In the end, officials agreed the focus should be on REACH's core mission of preventing homelessness, Stock said.

REACH operates a cold-weather shelter from October through April where homeless adults can sleep, shower and eat. That program will not be affected by the cuts, Stock said.

REACH also will continue to run a Day Resource Center for people facing crises such as eviction, but it will no longer provide emergency funds for electricity, gas or fuel oil, cutting its crisis funds by about $7,000, Stock said.

Those in need can still get utility assistance from the Washington County Department of Social Services or the Washington County Community Action Council, she said.

REACH's Day Resource Center will continue to provide mail and phone services, information, referrals, laundry and showers for the homeless, help with security deposits and assistance with water bills.

"Water bills are one of the only utilities we are going to help with, because if you don't have water in your home, it could end up being condemned and then you could end up with a homeless problem," Stock said.

The other major cut to the budget is the elimination of the staff position that coordinated REACH's Faith in Action program, through which volunteers provide transportation and assistance to those with physical limitations, Stock said.

That staff person resigned and the position will not be filled, she said.

REACH will not be accepting new clients into that program, but will try to continue to serve those already in it, Stock said. The program serves about 30 to 40 people each month, providing transportation primarily to medical appointments, but also sometimes to grocery stores and pharmacies, she said.

With the departure of the staff person, REACH is hoping to recruit a volunteer or volunteers to take over scheduling and coordinating those trips, Stock said.

Despite the cutbacks, REACH will continue with a plan to hire a case manager this season to help those staying in the homeless shelter improve their situations. That new position was built into this year's budget after the success of a trial last year, Stock said.
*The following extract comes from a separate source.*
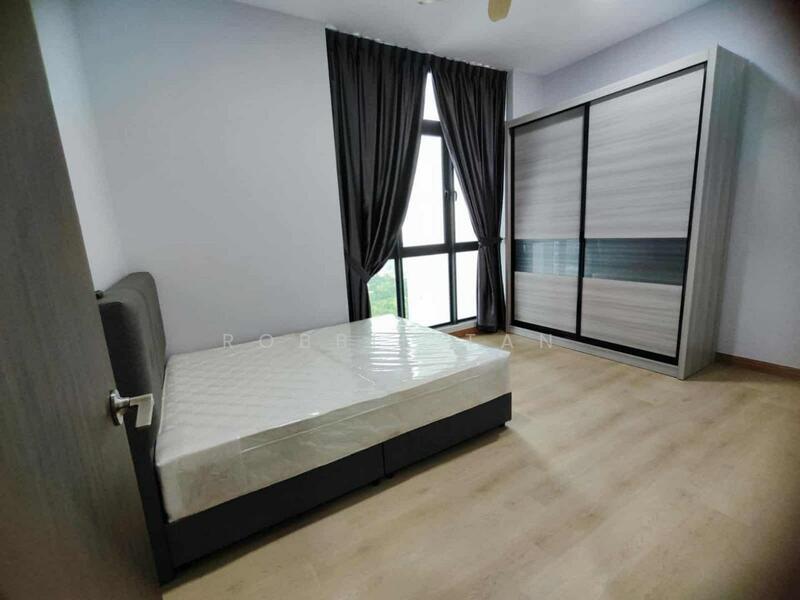 Service Residence for Rent at Cube 8 Teens - Robbie Tan - Bedroom - PropertyGuru.com.my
Last winter, an unpaid intern working as a case manager worked with 24 people over a five-month period. Of the 24 people, 15 were successfully placed in permanent housing, she said.

Stock encouraged anyone who wants to help REACH continue with its mission to attend the Taste of the Town event on Oct. 3. The event, a food tasting and benefit auction, costs $40 to attend and will take place from 5 to 8 p.m. at the Athletic, Recreation and Community Center at Hagerstown Community College. Tickets and more information can be obtained by calling 301-733-2371.